Chavez blamed the crisis on the U.S. "empire and its lackeys" — Colombia's conservative government — saying they pose a constant threat of war in the region.

Colombia's commando raid into Ecuadorean territory Saturday killed rebel leader Raul Reyes and 22 other guerrilla fighters, who had crossed the border to hide from the Colombian military.

On Wednesday, the Washington-based OAS declared the attack a violation of Ecuador's sovereignty and called for OAS Secretary-General Jose Miguel Insulza to lead a delegation to both countries to ease tensions. But the resolution stopped short of explicitly condemning the assault.

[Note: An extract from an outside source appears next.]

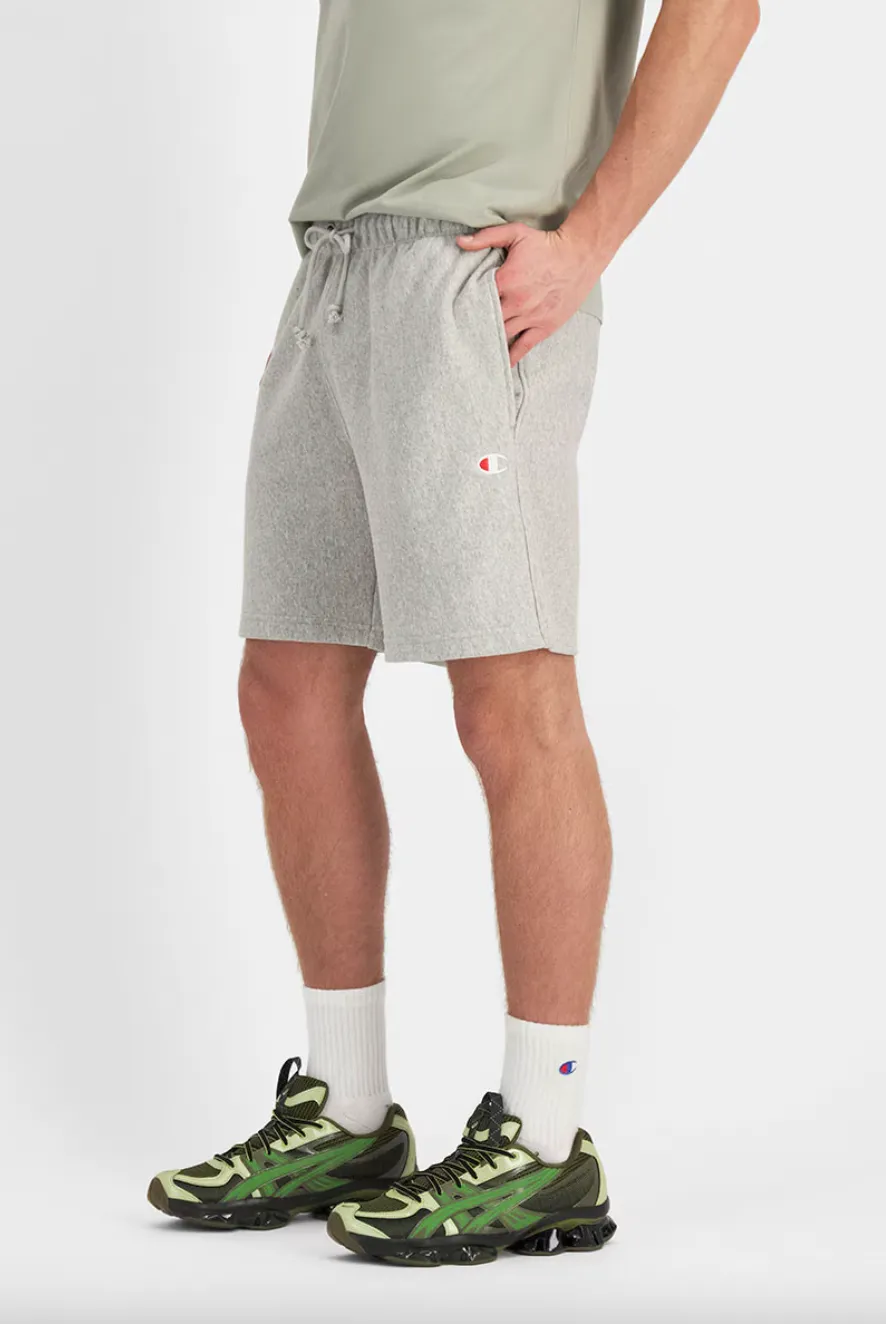 CHAMPION REVERSE WEAVE TERRY RELAXED SHORTS - OXFORD HEATHER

The United States was the only OAS nation offering Colombia unqualified support.

Uribe's decision to attack the rebel camp reflected his frustration over the ability of guerrillas to find refuge across poorly patrolled jungle borders.

In Washington, a top U.S. diplomat said American experts would soon examine the hard drive of Reyes' laptop, seized during the raid. "This is the first time that we've stumbled across something coming from the FARC drawing such a straight line" between the rebels and Chavez, Assistant Secretary of State Thomas A. Shannon said.

Chavez dismissed Colombian accusations that the laptop's documents show he gave $300 million to the FARC and conspired with the rebels to embarrass Colombia's government.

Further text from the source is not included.